Really?  When was this?  And how come I couldn't make this last more than three days?

Weight has always been an issue with me.  Want to see?
I'm probably four in this picture and already I see evidence of love handles.  One Animal Cracker box too many.  And dig those chunky thighs.  Frankly, I think some folks just happen to be blessed.  There are those who have svelte in their DNA make-up and others that don't.

I'm somewhere in the middle.  As you can see, I could be bi-polar with regard to fitness.  But, for me to achieve the thinner side, it takes a lot of work.

The only problem is that I didn't start that work until I was in high school.

For about sixteen years, I was totally passive.  Except when it came to eating.  We dined healthy, although not to the maniacal extremes that former First Lady Michelle Obama supported.  There was candy and dessert and always chocolate chip cookies in Grandma's pantry jar.  Fruit and vegetables, yes. Tootsie Rolls in Grandma's living room candy dish, definitely yes.  And, after school, there was always the walk around the corner to Charlie's Delicatessen for an after school snack.  A carrot stick?  Hell, no.  Make that a Drake's Ring Ding.

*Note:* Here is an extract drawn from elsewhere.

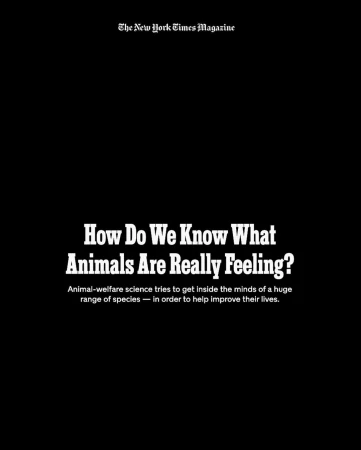 Magazine cover with the text 'How Do We Know What Animals Are Really Feeling?' in bold white letters over a black background.
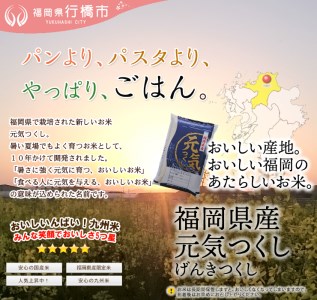 AF-019　福岡県産元気つくし【研ぐお米】10kg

Exercise in my first decade and a half?    Well, there wasn't as much as there should have been.  I played in the neighborhood, but was always the slowest and clumsiest one on the team.  Sports didn't come to me easily.  Maybe it was the extra pounds.  Maybe it was a lack of practice.  I was always the last one to be picked when sides were chosen.

Things weren't much better in school when there was gym class always taught by some jerk who thought he was coaching the Green Bay Packers.  The most strenuous activity for me was just to figure out how to get a medical excuse for whenever they would turn to gymnastics and tumbling.  

And, of course, we had that great annual humbler.  The President's Fitness Test.  Some bureaucratic nonsense concocted to make kids feel horrible about themselves.  You had to run six laps around the playground.  Or scoot around picking up erasers.  Your times were compared to everybody else in the class.  It was a horrible feeling each and every Spring.   While other classmates had moved on to the locker room, I was still in Lap 5.

This kind of misery became quite second nature to me.  It was me and I started to accept it.  I was aided and abetted by parents who discounted the whole concept of weight and fitness.

"Some people are just big-boned."

Oh.

But, as I moved into the teen years, I started to kick back on this flimsy excuse.  I looked around at some friends.  There were others who were equally "big-boned."  My best neighborhood buddy Leo was one of them.  But, when it came to playing games on the block, he had a dose of athleticism that I envied.  Why was that?

Ultimately, I found my own niche.  It came on those summer teenage nights when my gang would troop en masse down to the local vacant lot after dinner.  We'd play softball or baseball until it was either too dark or the ball had been lost in the weeds.  And, as I did this night after humid night, I found there was some truth to the old adage.

Practice does make perfect.

Well, maybe not perfect.  More like passable.  

Suddenly, I could pitch at softball.  I found a hitting stroke and could pound the ball with a little power.  And, given my height, I came in handy playing first base.  You always wanted to put the tall guy there because the highest weeds were right behind that base.  You never wanted to overthrow because that would easily get that night's game cancelled due to shrubbery.  

I was tall and was now able to catch.  I was ideal at first base and relished the notion.  Leo would play third and field like a young Ron Santo.  Snag a grounder and fire it to me for the out.  What a defensive combination.

I now belonged someplace on a playing field.

The weight, or non-lack of it, still plagued me.  It became really chronic in my senior year.  During the very first gym class of the year, a deep knee thrust popped out the whole joint and that would be the beginning of the long end for my right knee.  Touch football games after school were discarded in favor of TV reruns and lots of Hostess Twinkies.  

By Christmas, I was no longer "big-boned."  I was fat.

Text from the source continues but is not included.